Given information:
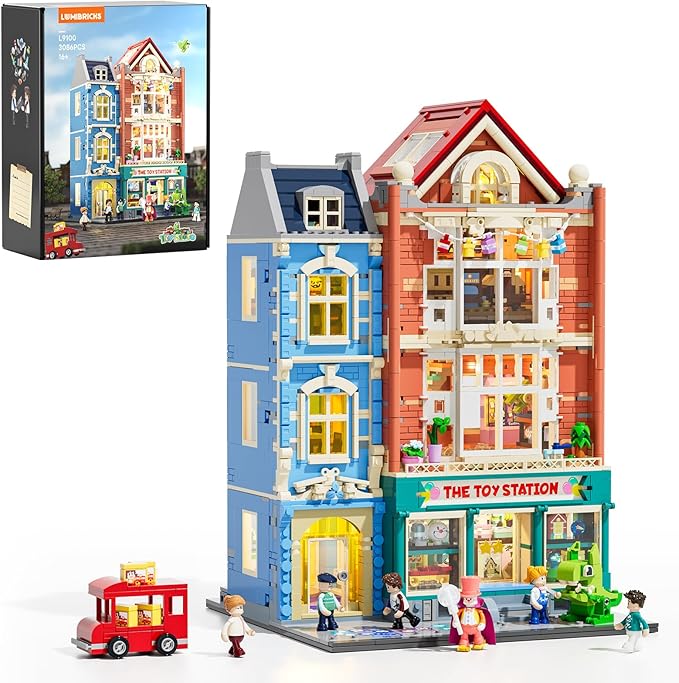 Toy-Store Lighting Building-Bricks Set – City Town Modular Townhouse Toy Shop Dollhouse LED Light Display Model 3086 Pcs Construction Kit for Adults and Teens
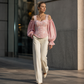 Haut jacquard à motifs floraux et épaules dénudées pour femme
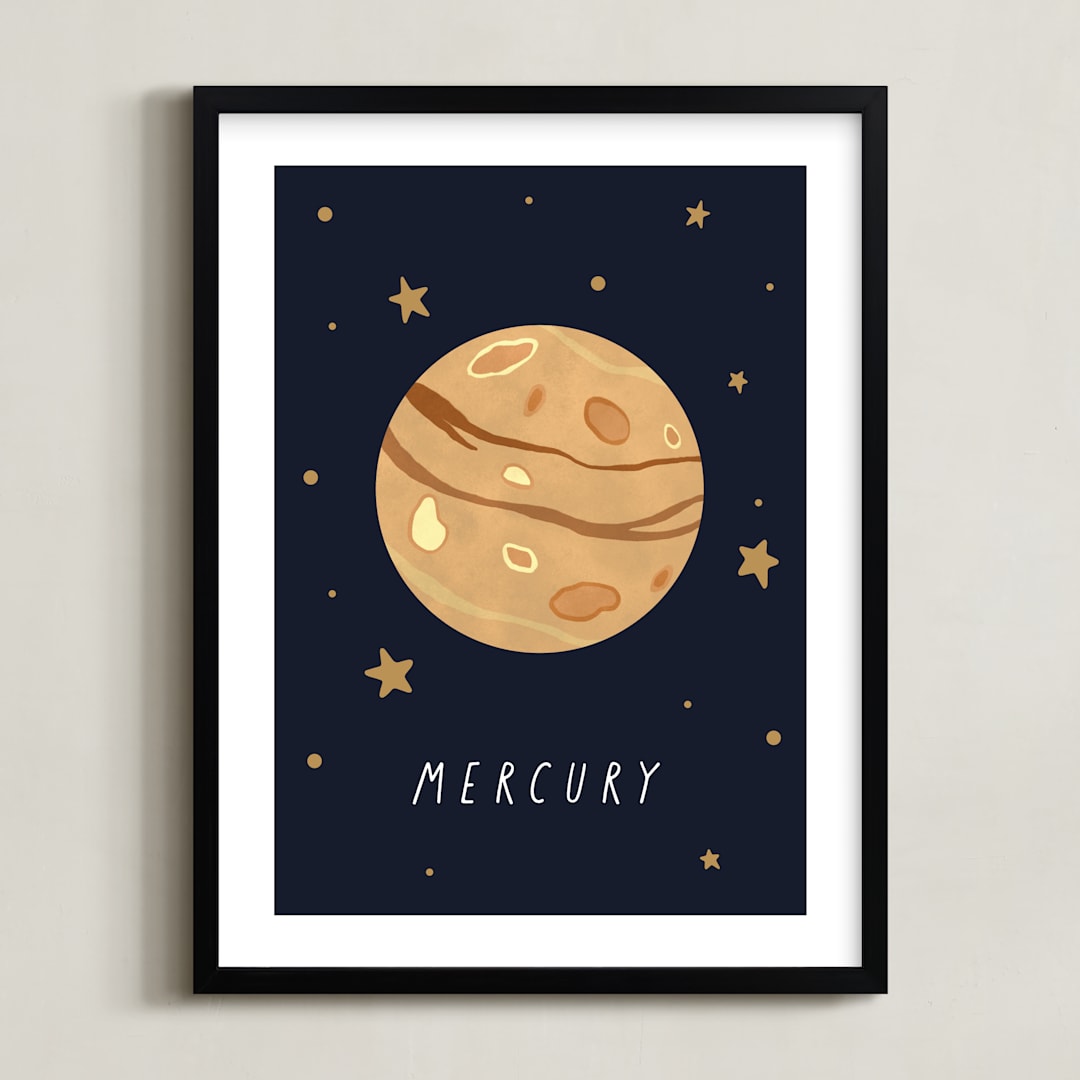 "Solar System VIII (Mercury)" - Art Print in Night by Elly - Framed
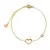 Birthstone zircônia fina elo de corrente cruz pulseira de aço inoxidável femi - comprar online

Exercise prompt: Output all data exactly, omitting images.

Task solution:
 Toy-Store Lighting Building-Bricks Set – City Town Modular Townhouse Toy Shop Dollhouse LED Light Display Model 3086 Pcs Construction Kit for Adults and Teens
 Haut jacquard à motifs floraux et épaules dénudées pour femme
 "Solar System VIII (Mercury)" - Art Print in Night by Elly - Framed
 Birthstone zircônia fina elo de corrente cruz pulseira de aço inoxidável femi - comprar online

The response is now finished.